- **Assigned task**
In the data below, restate exactly the lines from the one with "A white orb" to the final line, both included, but not the pictures.

- **Available data**
((

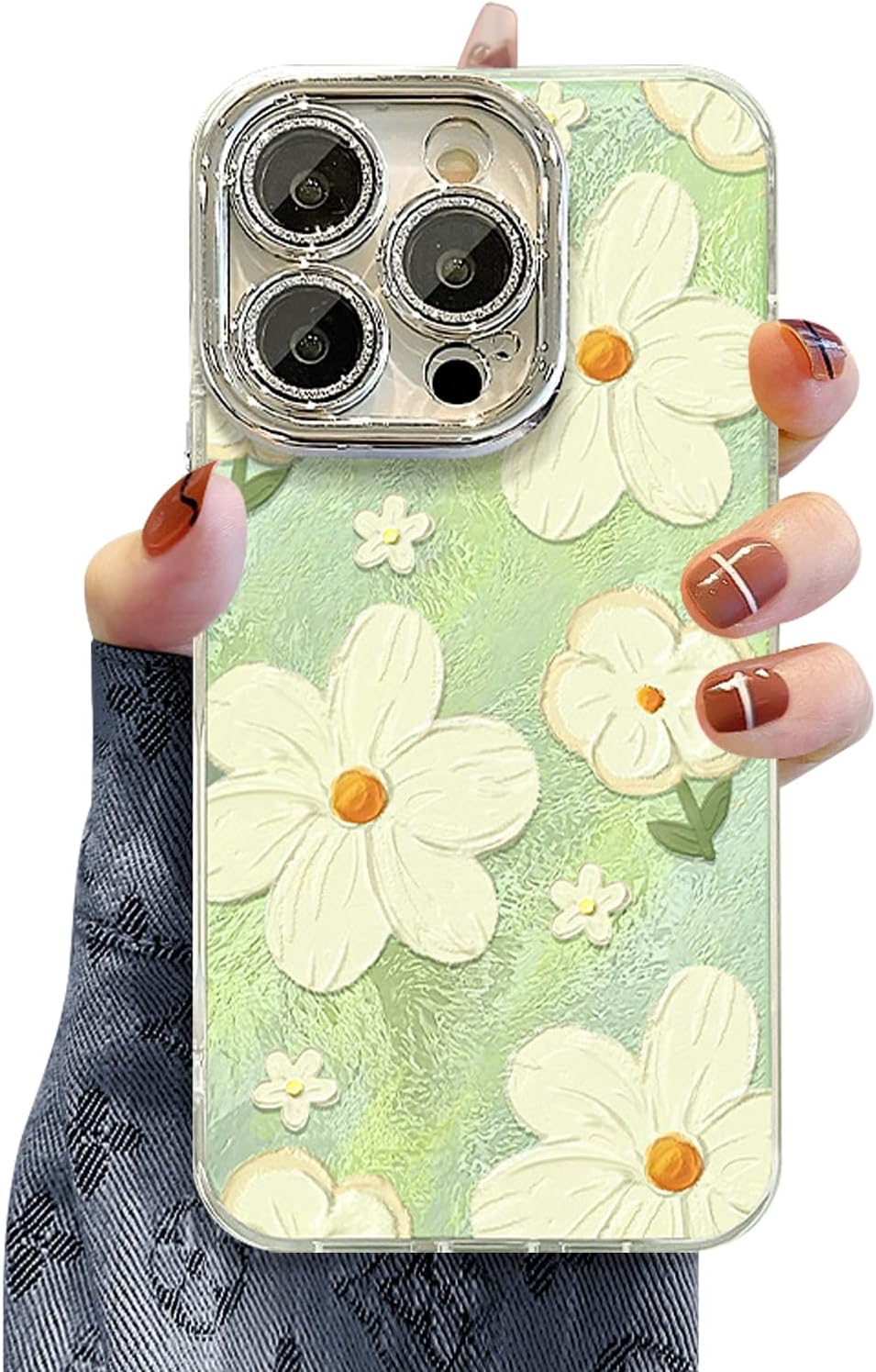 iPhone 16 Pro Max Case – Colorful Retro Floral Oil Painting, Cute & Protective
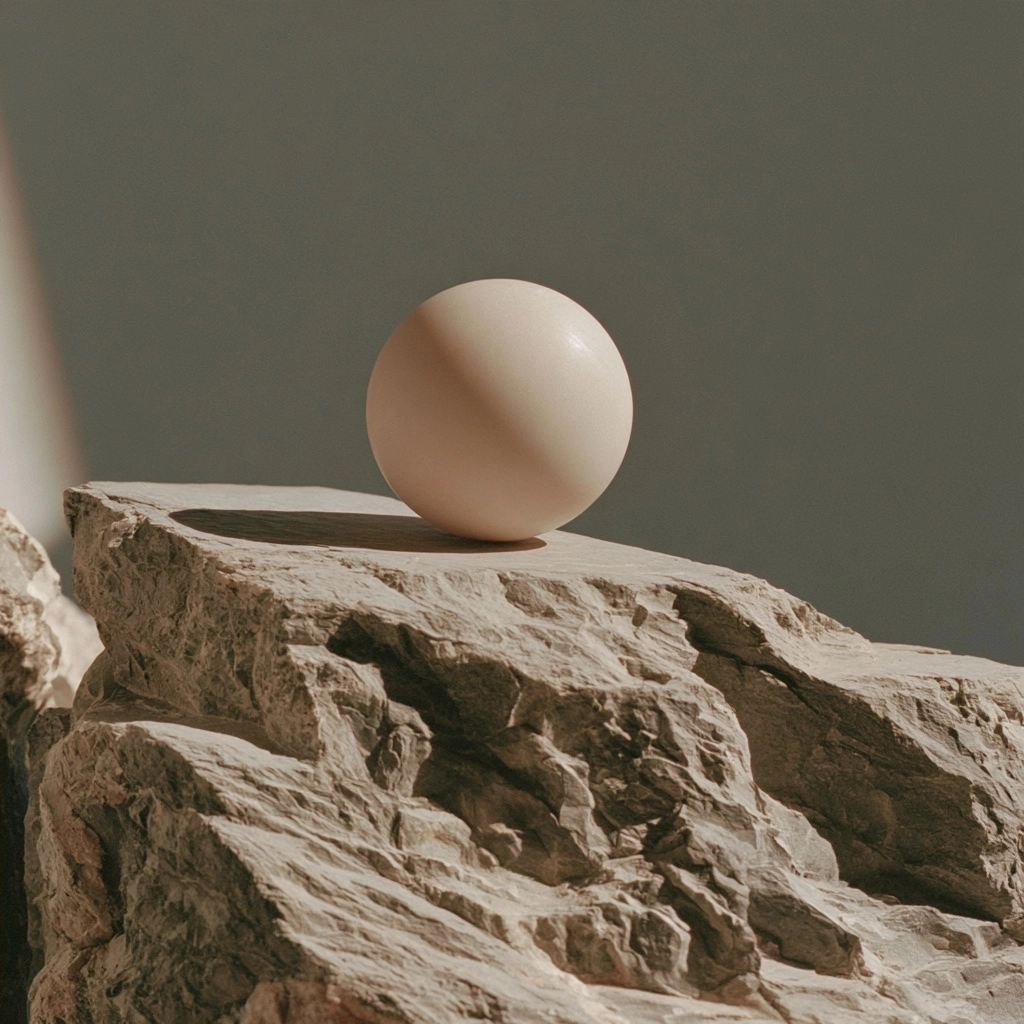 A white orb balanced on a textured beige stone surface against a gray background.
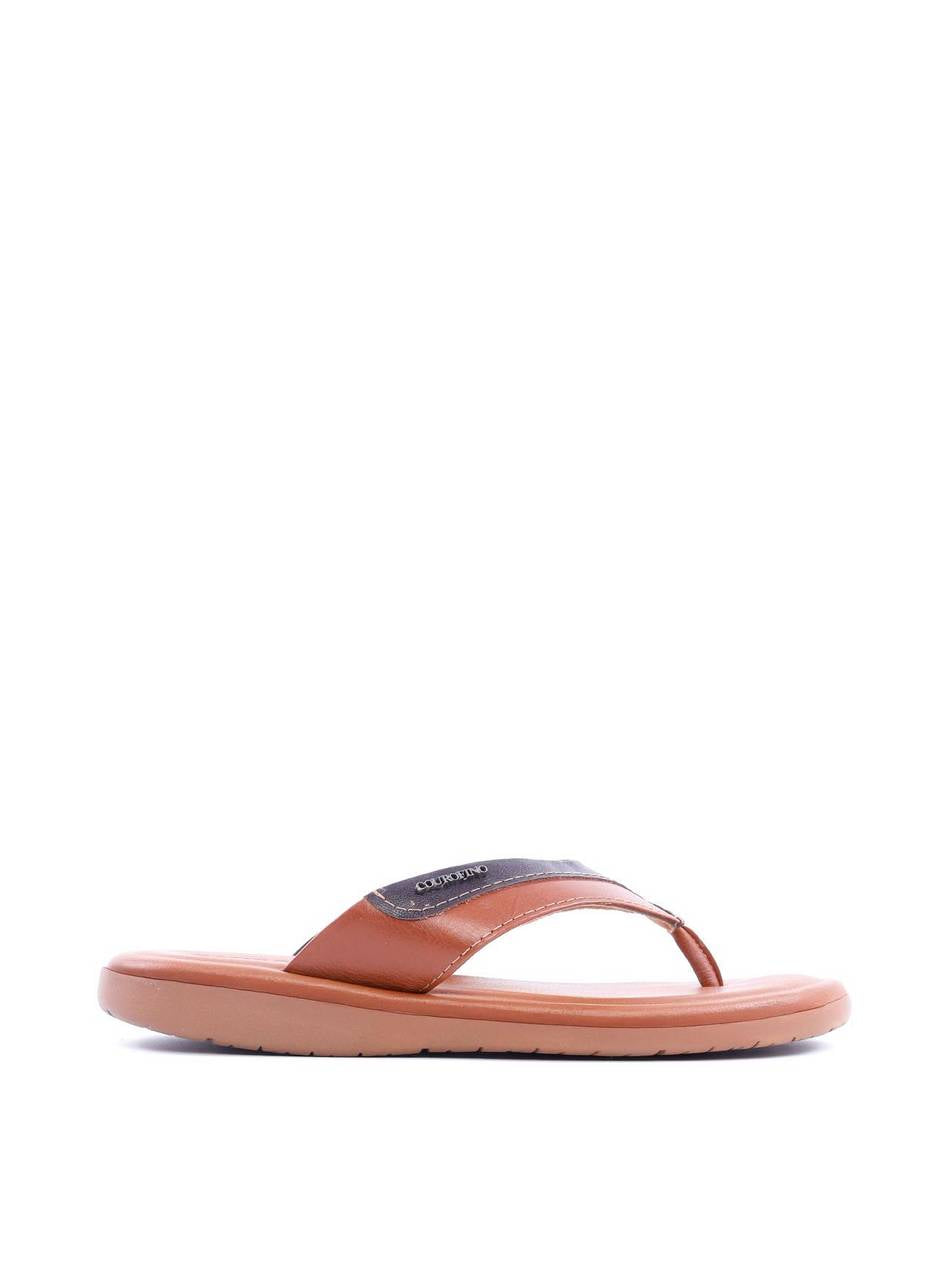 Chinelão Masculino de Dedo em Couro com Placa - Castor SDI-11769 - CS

))

- **Solution to this exercise**
 A white orb balanced on a textured beige stone surface against a gray background.
 Chinelão Masculino de Dedo em Couro com Placa - Castor SDI-11769 - CS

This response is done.